Segundo o levantamento, divulgado nesta segunda-feira (21), esse impacto pode gerar uma redução no rendimento das famílias de até R$ 3,16 bilhões.
No período de efeito de curto prazo — de 1 a 2 anos —, a federação estima que 58 mil empregos podem ser perdidos, com uma redução de R$ 982 milhões na massa salarial.
REAÇÃO NO PIB
Minas Gerais é o terceiro estado que mais exporta produtos para os Estados Unidos, tendo movimentado, em 2024, cerca de US$ 4,62 bilhões — o equivalente a 11,4% das exportações nacionais.
Entre os principais itens exportados estão o café, produtos siderúrgicos, máquinas elétricas e químicos inorgânicos.
A Fiemg estima que o Produto Interno Bruto (PIB) mineiro pode ser impactado, a curto prazo, em até R$ 6,7 bilhões, chegando a uma perda de R$ 21,5 bilhões a longo prazo.

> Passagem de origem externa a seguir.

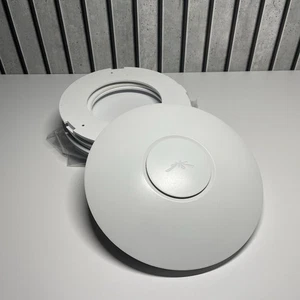 UBIQUITI UniFi AP Pro Wireless AP (UAP-Pro) - Used / Extra Mounts & Brackets - Picture 1 of 3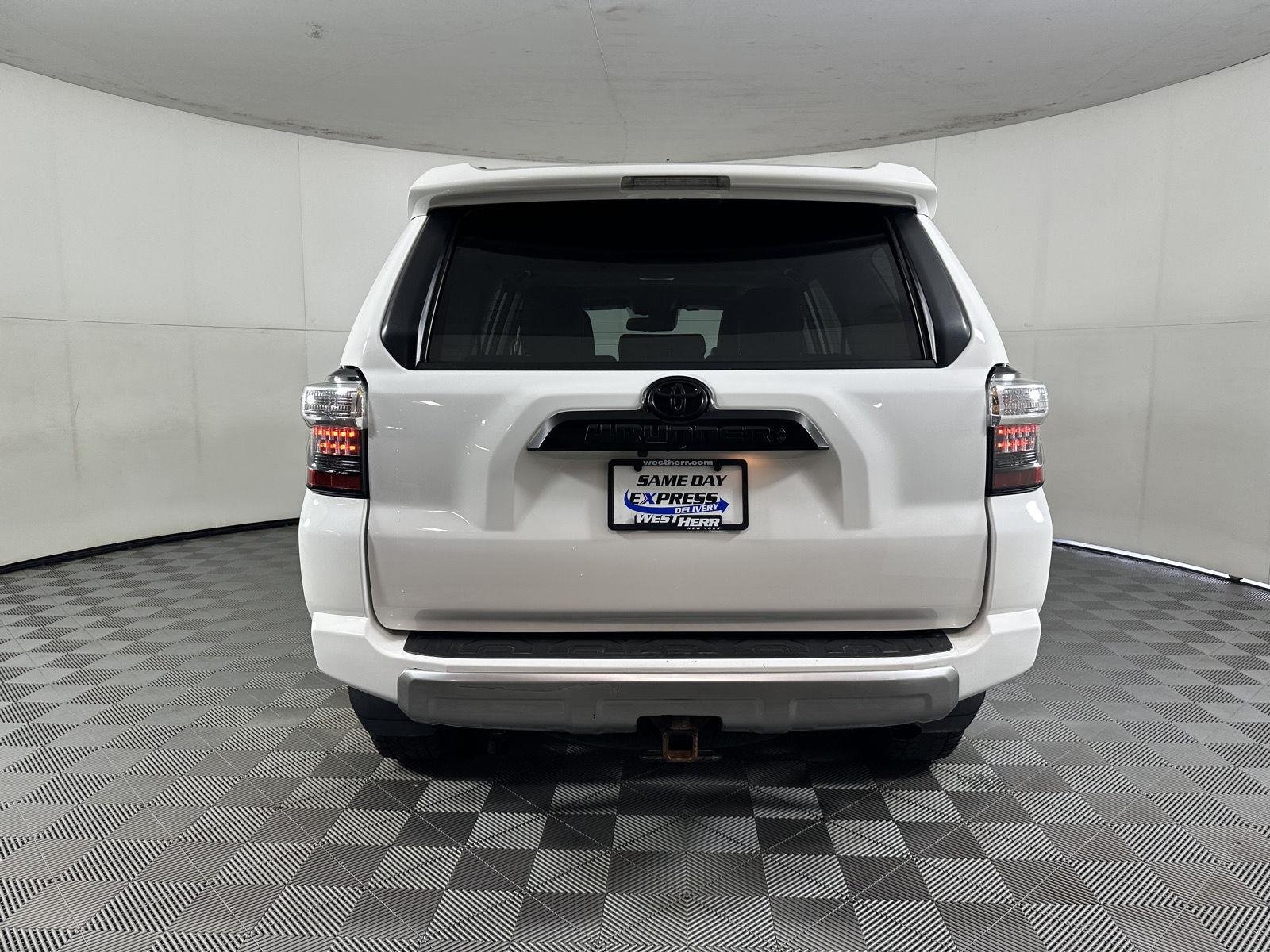Used 2020 Super White Toyota TRD Off Road Premium image 16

O poder de consumo das famílias mineiras também pode cair, variando de 0,91% até 4,41%.
FALSO DÉFICIT
Em 2024, a balança comercial entre Brasil e Estados Unidos registrou um déficit para o Brasil, com as importações superando as exportações. As exportações brasileiras para os EUA atingiram US$ 40,3 bilhões, um aumento de 9,2% em relação ao ano anterior, enquanto as importações americanas para o Brasil totalizaram US$ 40,6 bilhões, uma a diferença a mais de US$ 300 milhões para os americanos, segundo dados do Ministério do Desenvolvimento, Indústria, Comércio e Serviços.
No primeiro semestre de 2025, a balança comercial entre Brasil e Estados Unidos registrou um superávit para os EUA de US$ 1,7 bilhão, de acordo com recente reportagem da CNN Brasil.